• _Problem_: Go through the listing below and write out exactly the lines from the one that mentions "100 Children's 2/2" through the one that mentions "消防車の消防機関最初の誕生日パーティー招待状 招待状", minus the pictures.

• _Entries provided_:
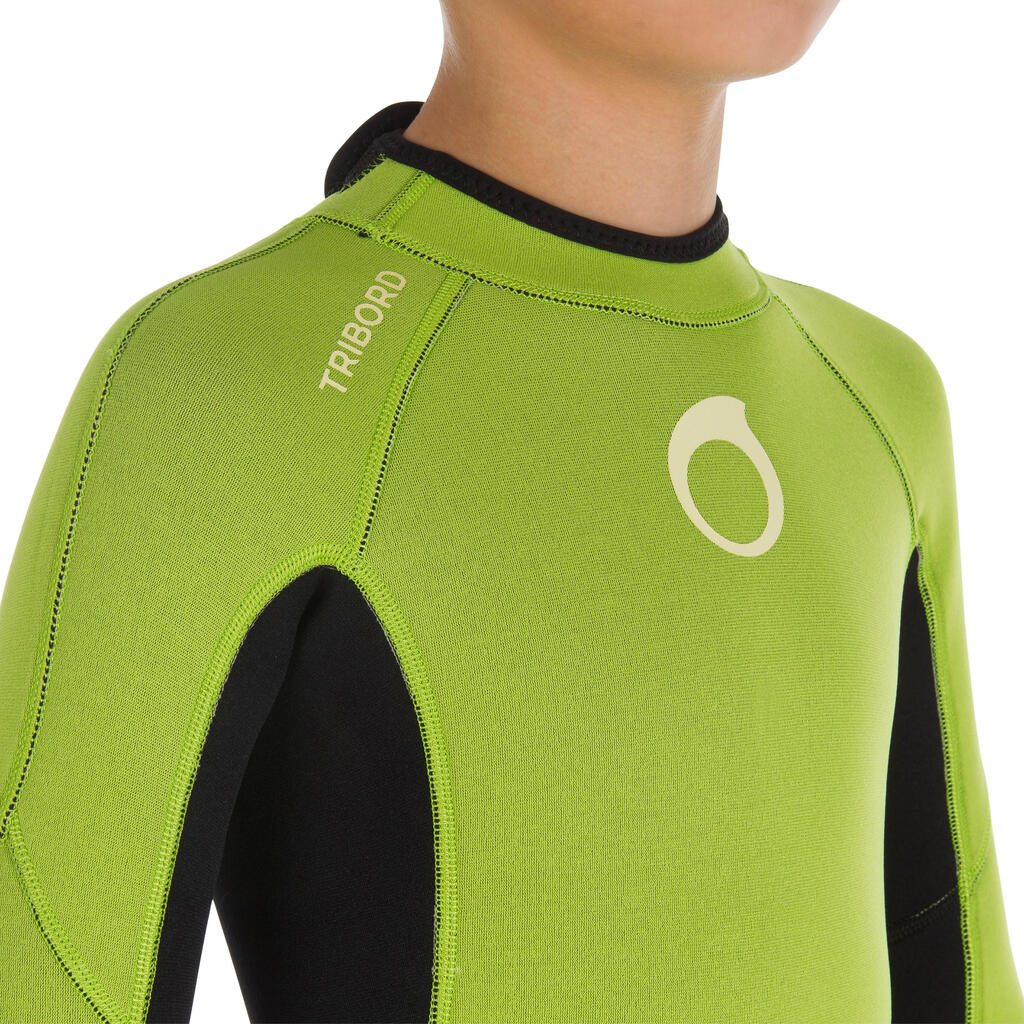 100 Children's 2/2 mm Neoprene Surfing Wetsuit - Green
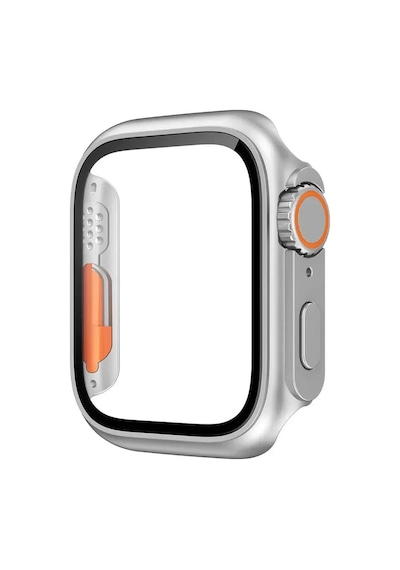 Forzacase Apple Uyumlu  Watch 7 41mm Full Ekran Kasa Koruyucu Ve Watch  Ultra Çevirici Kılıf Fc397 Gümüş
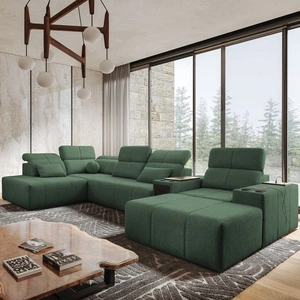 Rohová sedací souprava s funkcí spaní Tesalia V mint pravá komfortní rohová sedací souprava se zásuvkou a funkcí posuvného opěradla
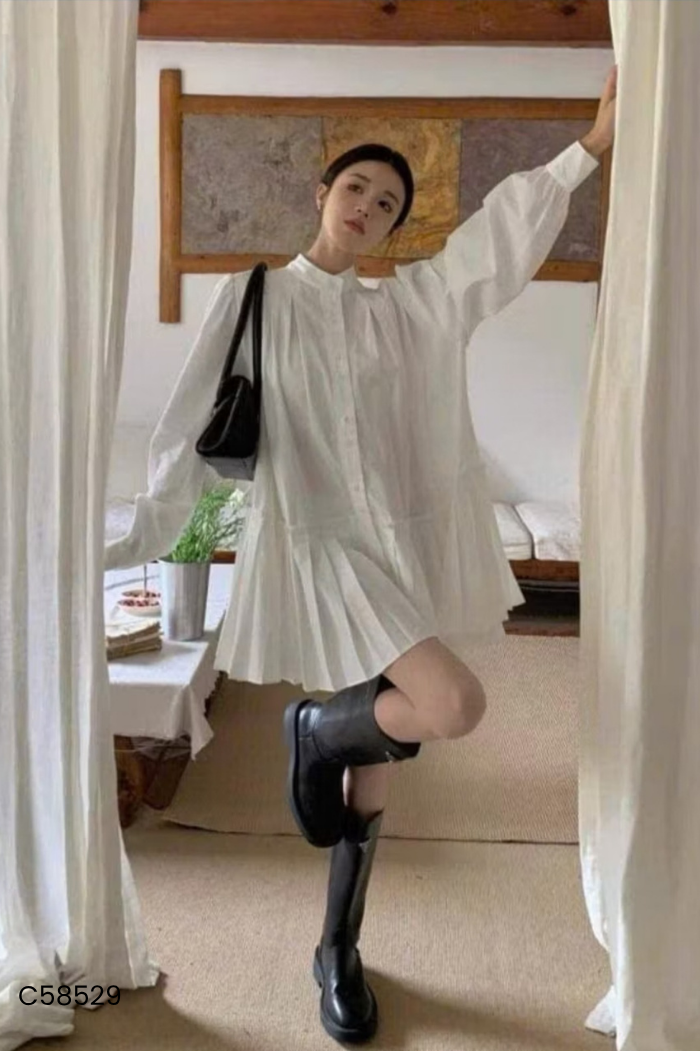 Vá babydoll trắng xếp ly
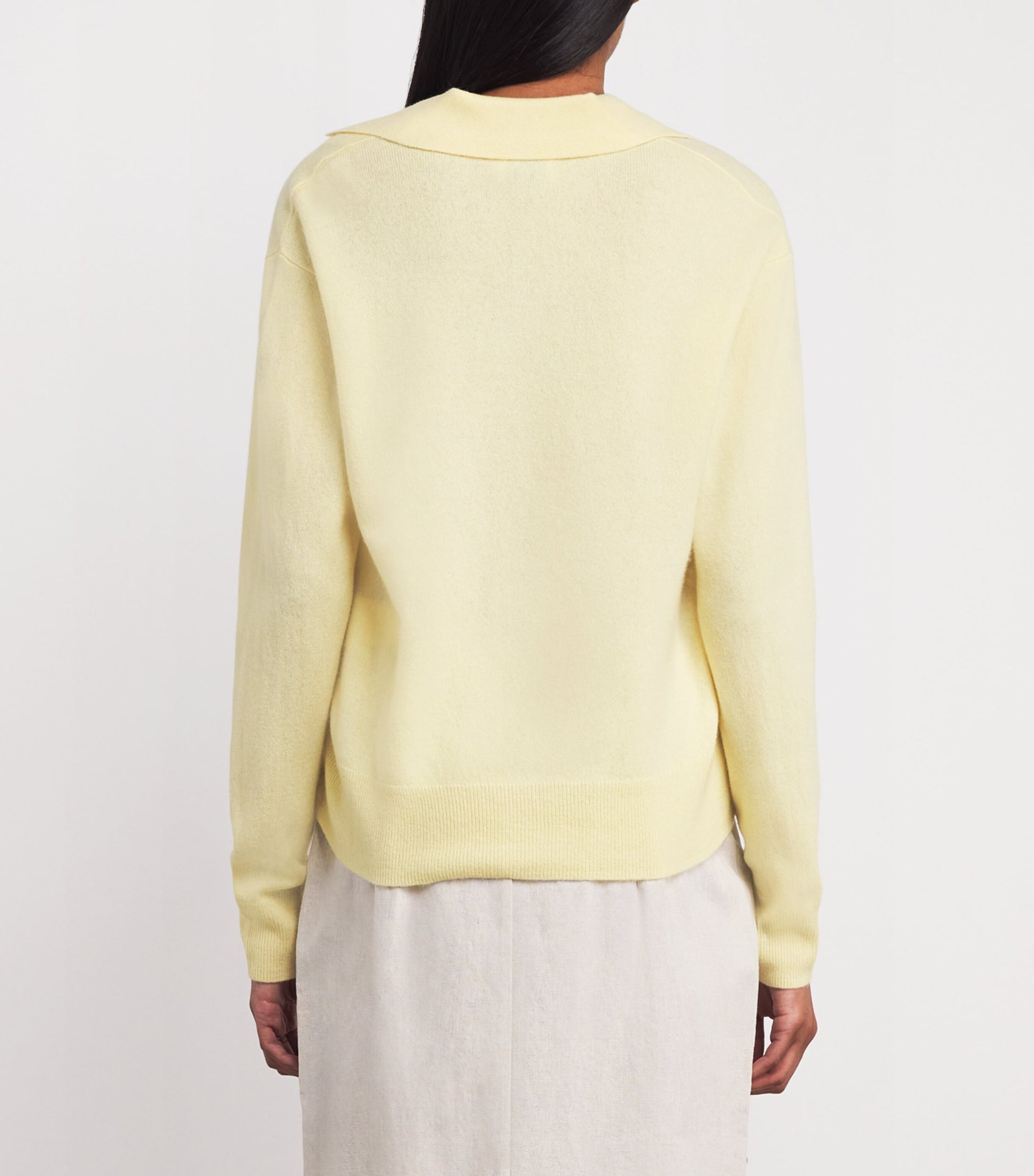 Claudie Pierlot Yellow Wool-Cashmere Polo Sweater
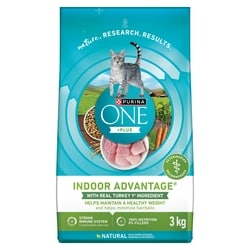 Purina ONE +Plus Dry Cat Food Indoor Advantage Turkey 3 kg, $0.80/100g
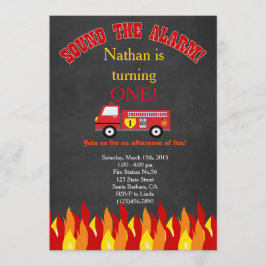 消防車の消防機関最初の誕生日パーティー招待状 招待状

* * *

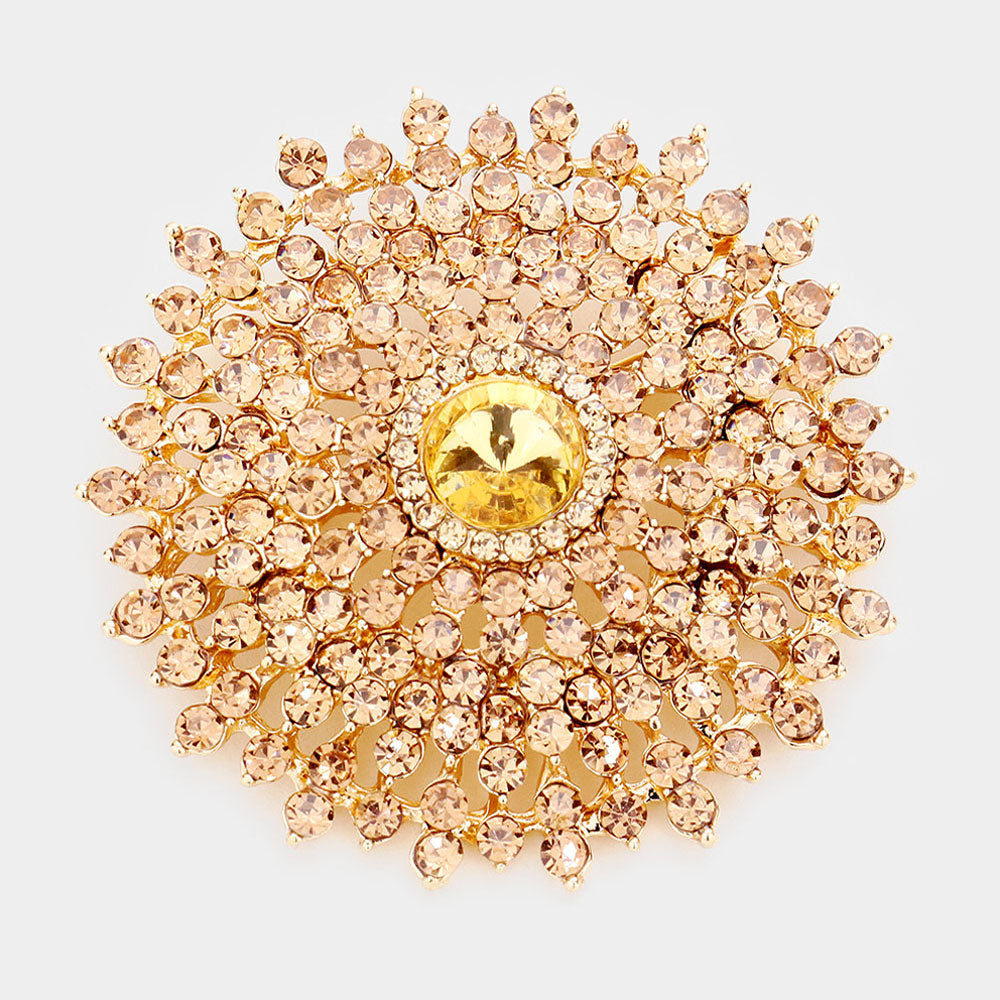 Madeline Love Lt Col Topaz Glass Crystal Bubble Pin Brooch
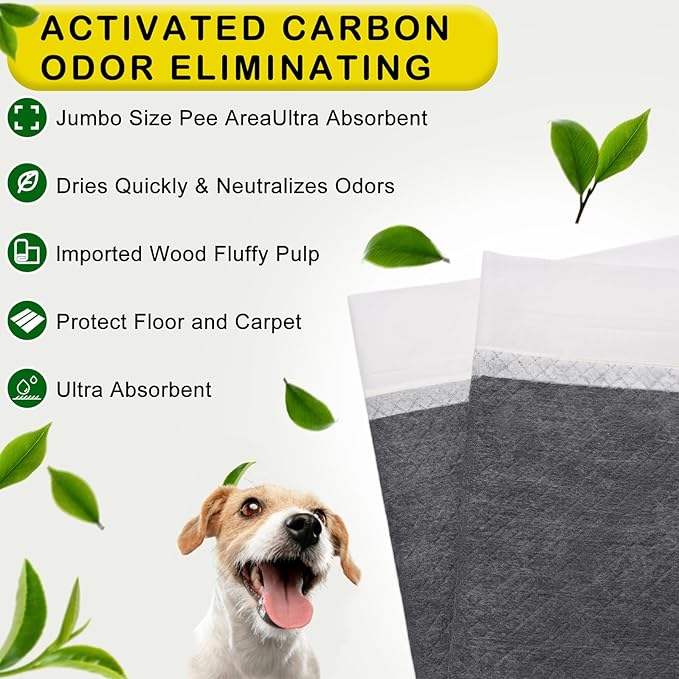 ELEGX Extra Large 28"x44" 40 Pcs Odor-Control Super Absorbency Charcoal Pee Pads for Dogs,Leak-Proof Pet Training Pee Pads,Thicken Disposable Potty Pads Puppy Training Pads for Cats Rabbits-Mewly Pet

• _Problem solution_:
 100 Children's 2/2 mm Neoprene Surfing Wetsuit - Green
 Forzacase Apple Uyumlu  Watch 7 41mm Full Ekran Kasa Koruyucu Ve Watch  Ultra Çevirici Kılıf Fc397 Gümüş
 Rohová sedací souprava s funkcí spaní Tesalia V mint pravá komfortní rohová sedací souprava se zásuvkou a funkcí posuvného opěradla
 Vá babydoll trắng xếp ly
 Claudie Pierlot Yellow Wool-Cashmere Polo Sweater
 Purina ONE +Plus Dry Cat Food Indoor Advantage Turkey 3 kg, $0.80/100g
 消防車の消防機関最初の誕生日パーティー招待状 招待状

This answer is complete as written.